By Kim Jae-won
Staff Reporter
A local economic think tank said Wednesday that the real estate market is expected to turn upward next year in line with an economic rebound but a key rate hike will stand in the way of recovery.
In its latest report, Samsung Economic Research Institute (SERI) said that the real estate market is likely to undergo a mild recovery next year as robust economic growth and the government’s supply of homes will combine to boost market demand.
“The real estate market tends to move in tandem with economic cycles. Once the economy gets back on track, a large amount of short-term money will flow into the market,” Park Jae-ryong, senior economist for SERI told The Korea Times.
The Korean economy has grown 2.9 percent in the third quarter, and experts say that this trend will continue. The Organization for Economic Cooperation and Development (OECD) expects Korea will grow 4.4 percent next year.
The institute said that the government’s effort to supply more homes will also boost the real estate market. Authorities plan to supply 350,000 houses in the market in 2010 compared to 310,000 houses this year.
It recommended that the government deal with potential over exuberance in the property market through more micro measures, such as regulations on loan-to-value ratios and debt-to-income ratios, avoiding using the blunt tool of the policy interest rate.
Park said that a possible key rate hike and rising unsold homes are likely to delay a recovery in the local property market.
“If the economy recovers, chances are that the key rate will go upward.

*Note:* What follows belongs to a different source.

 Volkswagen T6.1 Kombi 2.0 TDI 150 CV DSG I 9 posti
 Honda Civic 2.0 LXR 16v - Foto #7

But a rate hike anytime soon can destabilize the local property market,” Park said.
Against this backdrop, Bank of Korea Governor Lee Seong-Tae said the bank would not raise the policy rate in the foreseeable future. “We will maintain an accommodative policy stance for now until a full-fledged rebound materializes," Lee said earlier this month. However, market analysts expect that a rate hike will come in January at the earliest.
About 130,000 unsold homes may slow down the speed of recovery. “It is not easy for construction companies to sell those houses because they have accumulated over the last three years,” Park said.